Before the pandemic struck, it wasn’t uncommon for DJs to fly between three European cities in a weekend. The carbon footprint of globetrotting tours was massive. Festivals and gigs were criticised for the levels of waste they created. Streaming services, requiring ever more processing power, have had a burgeoning impact, as has the recent craze of selling music via NFTs (non-fungible tokens).
But a series of announcements last week, coordinated by the Music Declares Emergency collective, have challenged the idea that the industry is not taking the climate emergency seriously. After a uniquely difficult year for those in live music, perhaps this is an inflection point: can the recovery from Covid-19 be green?
“The music industry has the opportunity to lead here,” says Lewis Jamieson, a spokesman for Music Declares Emergency. “It can become the exemplar of a green recovery, and help the public to understand and support what that idea means.”
British independent label Ninja Tune has just announced ambitious and detailed plans in response to the new sustainability drive from the European Independent Music Companies Association. The label’s funds and pensions are divested from fossil fuels, it is installing renewable energy systems in its London headquarters and it is encouraging the pressing plants that supply its vinyl to switch to green energy.
Beggars Group, which includes indie labels such as 4AD, XL and Rough Trade, also announced major new carbon reduction commitments this week. Across the manufacturing and distribution of vinyl and CDs, digital distribution, and business travel, the group aims to cut their emissions almost in half by 2030, at a rate they say is aligned with the Paris agreement’s goal to limit global warming to 1.5 degrees. Head of sustainability Will Hutton says that “the arts have an immensely powerful platform to help ignite social and legislative change. We need everyone involved – the live sector, record companies, streaming partners, and of course artists.”
One new idea – also announced this week, and affiliated with Brian Eno – is Earth Percent, which is aiming to raise $100m (£72m) by 2030 from the industry itself to transition towards sustainability. The proposal is for artists, companies and individuals to commit a small percentage of their revenue to Earth Percent, which will redistribute the money to organisations working on the climate emergency, including those focused on the music industry, such as A Greener Festival, Music Declares Emergency and Julie’s Bicycle.
“This is the time to shake up how things are done across the industry,” says Sarah Ditty, head of programs at Earth Percent. “We need to be looking at how live shows, touring, recording, streaming, merchandise and engaging fans can function in a way that ensures artists and their teams can make a good living while minimising environmental impact.”
These recent initiatives are not the first signs of change: Coldplay, Massive Attack, Ellie Goulding and Radiohead have all spoken out on the climate crisis and made changes to the way they work, while Shambala festival has removed meat from its on-site catering and is powering the event with 100% renewable energy.

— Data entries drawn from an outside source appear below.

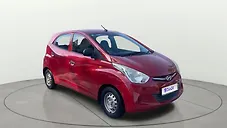 Used Hyundai Eon Era + in Vadodara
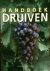 Handboek druiven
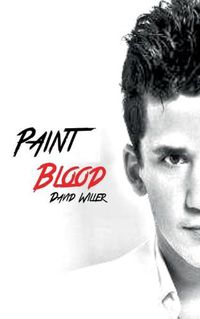 Cover image for Paint Blood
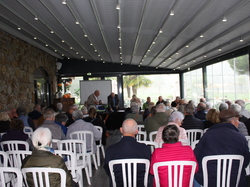 Assemblée Générale 2025 - Saint Yvoine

But touring is set to get under way again this summer: England’s first non-distanced large gig of 2021 will be a trial run headlined by the Stockport band Blossoms in May. And with fans snapping up tickets for festivals and gigs, there’s a risk that the industry’s carbon emissions could rebound to a higher level than they were before the pandemic.
Much will depend on forces beyond the music industry’s direct control. “We need change in the transport networks to make our record distribution more sustainable. We need change in the energy networks to reduce the footprint of the pressing plants we use,” says Peter Quicke, co-chief of Ninja Tune.
But musicians have platforms and the cultural clout that can inspire audiences in large numbers. Many artists have been reluctant to find their voice on climate change for fear of being accused of hypocrisy – when the 1975 collaborated with climate campaigner Greta Thunberg in 2019, the Conservative politician David Davies responded by writing a sarcastic open letter asking them if they were travelling by train or yacht on their upcoming world tour – and few fans or artists are likely to want to swap out live shows for streams on a permanent basis.
But virtual events driven by the star power of Dua Lipa or Nick Cave, or the well-received Grammys broadcast, have set a precedent that should not be discarded. The environmental impact of audiences travelling to shows adds to the carbon emissions of the production itself, and so a well-produced “global livestream” in place of a leg of a tour is one possibility.
Last Night a DJ Took a Flight, a recent report on the dance music industry, argued that tours could be routed more efficiently, local scenes and artists could be better nurtured to reduce the pull of foreign superstars, and exclusivity clauses (where artists can’t play more than one show locally) could be challenged.
Relentless touring – driven by low income from streams and physical format sales – is precarious and environmentally unsustainable, so music is taking seriously the idea of green jobs and a “just transition” (a term coined by the global trade union movement to prioritise workers’ rights and reduce inequalities). In 2020, more than 800 artists and creative professionals endorsed a letter to Oliver Dowden calling for a “just and green” cultural recovery from Covid-19, including the demand that all government funding for the arts is aligned with national climate targets.
Achieving that will require commitment from various sections of society – and Chiara Badiali of Julie’s Bicycle says: “The pandemic has provided the chance for that reflection to happen in the arts.” Reflection alone is not enough but if the music industry can get its own house in order, maybe it can set the tone for a journey out of the climate crisis.